Growing up during the 1970’s and 1980’s, I was fascinated by commercial art or graphic design. Who were these people who took something as simple as a need for a new soup can label and create a work of art that’s a joy to look at and makes the viewer compelled to buy it.
I was also fascinated by the conceptual artists behind the greatest SF movies of my life time. It would be hard for me to choose just one, but there was Roger Dean who created the incredible album covers for rock groups like “Yes” and “Asia” and did some phenomenal book covers. There was also Ralph McQuarrie who took George Lucas’s script and painted a dozen conceptual paintings that inspired Alan Ladd Jr. into bankrolling a motion picture that redefined the term “blockbuster.” Then of course there is Andrew Probert who did most of the conceptual drawings Gene Roddenberry’s projects and made the fictitious 22nd and 23rd centuries come a life and just as real as our own past and present.

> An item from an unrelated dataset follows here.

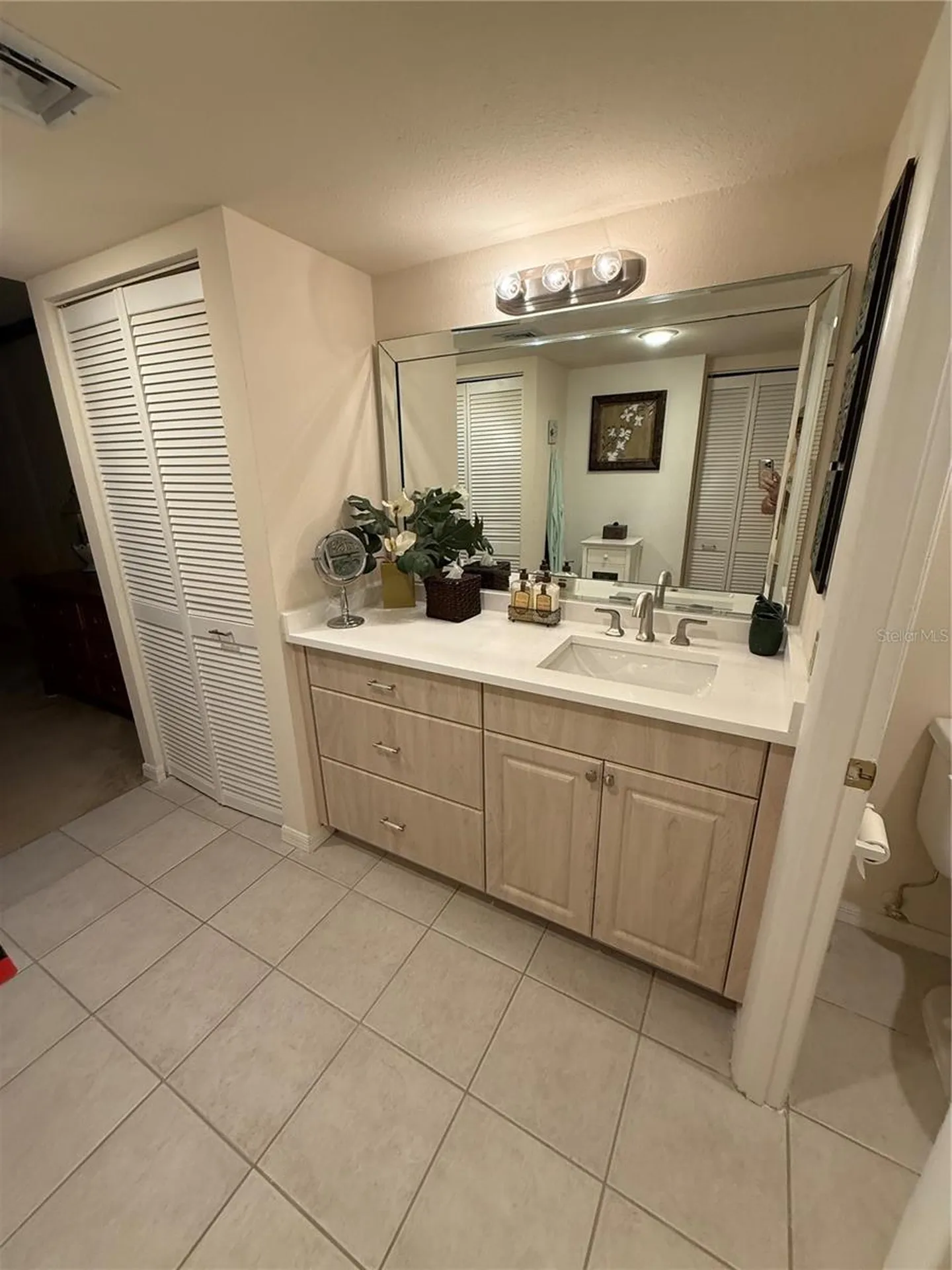 1 Key Capri Treasure Island FL 33706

Before I was freshman in high school I had all these artistic ambitions. I wanted to be one of those people who took an idea from the mind and made them real on the paper or canvas. I wanted there to be a teacher who would help me take my raw, juvenile talent and guide me into becoming a better artist.
The only class I was really looking forward to the summer before my first year of high school was art. I was a horrible student in all of my other classes, so horrible that I debated on taking my own life since all I head when I was at home was that I was no good and I wouldn’t amount to anything. My fantasy drawings would never take me anywhere.
Right way, when I met my teacher Mr. Blomgren I knew that this man was going to have a positive effect on my life. What I didn’t know that this memory would someday become my moral compass; whenever I thought about doing something that was stupid or wrong I always thought about him and what he would think if I screwed up.
Early on when I showed him the sketches I had done before we met he knew what I was trying to do. He immediately saw that I was trying to take viewers of my work on a journey – some place where they had never been before. He also saw that I drew my inspiration from some of the greatest SF books of that era, up to and including the release of the theatrical version of Frank Herbert’s DUNE.
Rather than encourage me to “get real” he helped me push the envelope by simultaneously teaching me how to draw things in the real world with genuine realism via texture and shading. How can I bend and break the rules of “art” if I didn’t know what the rules were.
There was one moment when I turned in a project that wasn’t my best and he knew it. Immediately after class was over and the bell rang, we all started to stroll out the door to head to our next class. Mr. Blomgren said; “Not so fast, Mr. Fisk…”
I stood there while he said; “You can do better than this. As a matter of fact, you will to better than this! You’re staying after school and you’re going to give this project 100%”
Either in this conversation or in a one we had at another time he told me “I don’t just deserve better than this, and it’s not just the rest of the world that deserves better than this; you deserve better than this. You’re short changing yourself and the rest of the world from your art when you just phone it in.”
By no means do am I employing that he was constantly stern or excessively tough; Mr. Blomgren was a teacher who was over-brimming with complete and utter joy for teaching and had genuine compassion and love for his students. He had a better understanding of me more than most members of my own family.
When I learned that he died earlier this year I had to go to his memorial service that was held at the high school and I was overwhelmed to see the auditorium packed with people standing outside the isles.
After the service I found his classroom, since it had been moved at least once in the past 20 years. The sights and the smells were the same; the odor of linseed oil and paint and a few other cents from a dozen other art supply tools and medium. I sat at what would have been my desk from so long ago and I wondered about the time that had pasted and my genuine regret of not reaching out to him before now.
I can’t help but wonder who or what I would have been if it hadn’t been for him and others like him.